Dead Man's Snitch incident

False alerts and dashboard 503 errors

Dead Man's Snitch experienced a major incident on September 27, 2021 affecting Snitch Check-in Processing and Management Portal and 1 more component, lasting 4h 50m. The incident has been resolved; the full update timeline is below.

Started: Sep 27, 2021, 08:04 AM UTC
Resolved: Sep 27, 2021, 12:55 PM UTC
Duration: 4h 50m
Detected by Pingoru: Sep 27, 2021, 08:04 AM UTC

Affected components

Snitch Check-in ProcessingManagement PortalAPI

Update timeline

investigating Sep 27, 2021, 08:04 AM UTC

We're currently investigating issue affecting check-in processing and dashboard availability. We believe these are related to two major issues affecting our hosting provider (Heroku) and are currently investigating. https://status.heroku.com/incidents/2361 https://status.heroku.com/incidents/2362
identified Sep 27, 2021, 08:48 AM UTC

We've temporarily disabled alerting as we investigate a way to work around the upstream issues.
identified Sep 27, 2021, 09:44 AM UTC

We've worked around the issues with check-in processing and are currently working through the backlog of pending check-ins in the queue.

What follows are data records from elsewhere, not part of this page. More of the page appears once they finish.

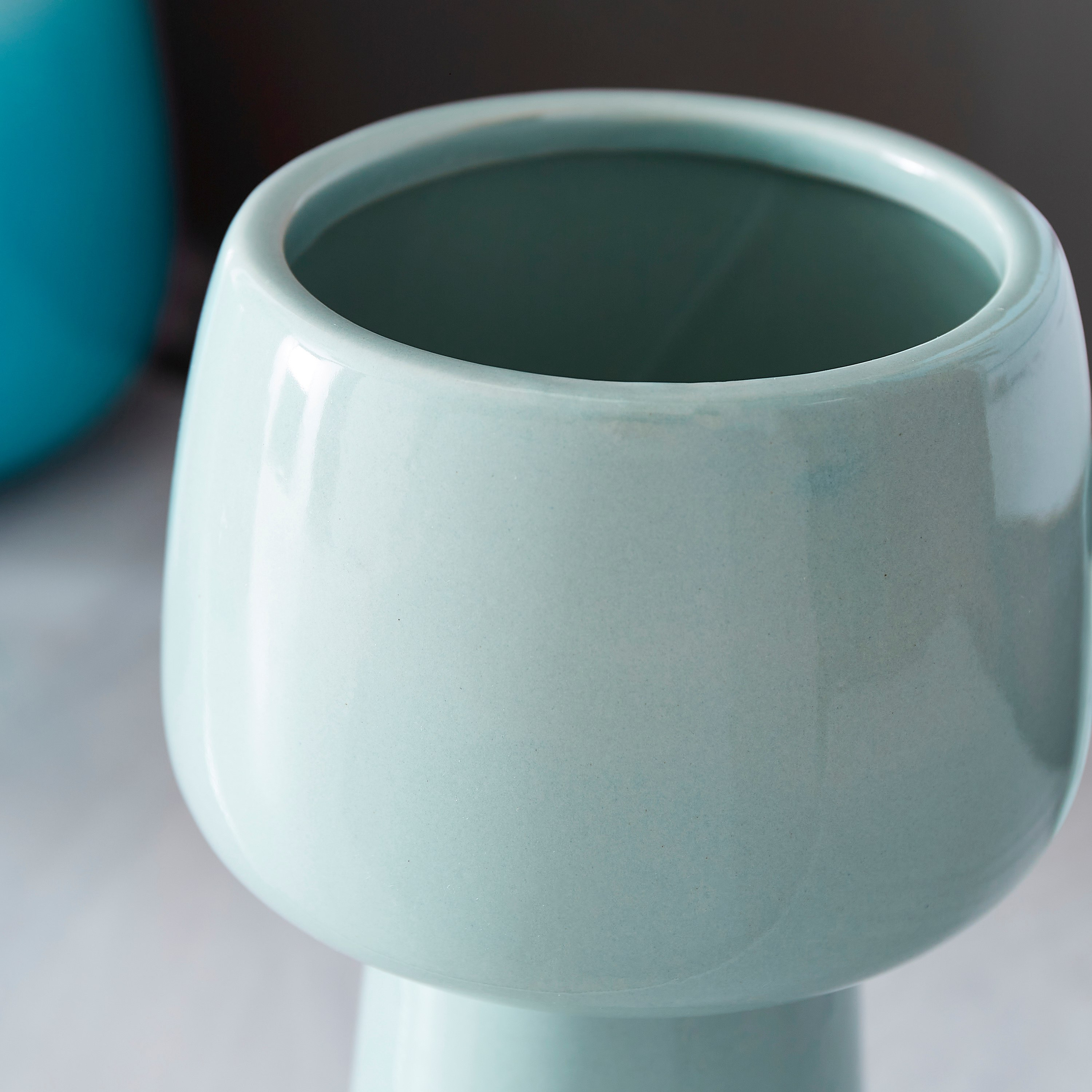 Sansa Ceramic Glass Vase with Stand - 15x15x23 cm-hbxbedroom-decorandaccessories-vases-image-3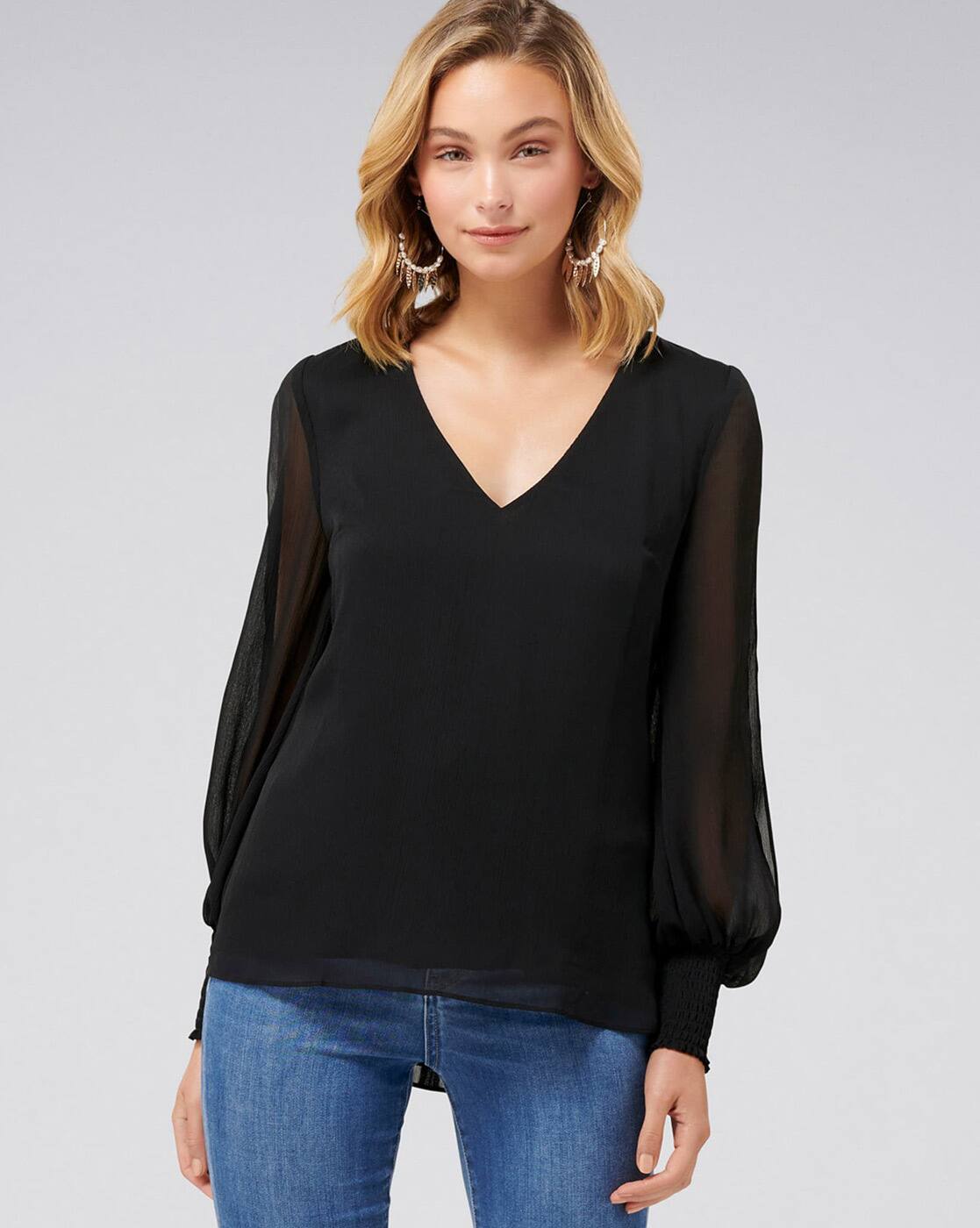 V-neck Blouse with Smocked Cuffed Sleeves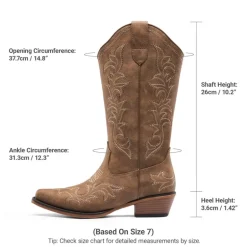 Women's Western Style Embroidered Cowboy Boots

It doesn't appear our check-in receiver was impacted by the outage, just the workers that process the check-ins.
monitoring Sep 27, 2021, 09:57 AM UTC

Our check-in workers have caught up on all pending check-ins and alerts should be accurate going forward. Our main goal has been to get alerting and check-in processing back online. Heroku continues to experience issues with dynos and routing requests. We've worked around the dyno issues by temporarily moving check-in processing to hosts on EC2. We monitoring check-in process and Heroku's status and will update once we consider the issue fully resolved.
monitoring Sep 27, 2021, 12:10 PM UTC

Routing issues with the API and Dashboard appear to be mostly resolved. We are migrating some check-in processing back to Heroku and will continue to monitor the situation.
resolved Sep 27, 2021, 12:55 PM UTC

All systems are green. We've migrated all processing back to Heroku as they have resolved their upstream issue. Our processing system should have recovered more quickly than it did and we're investigating a possible fix for that.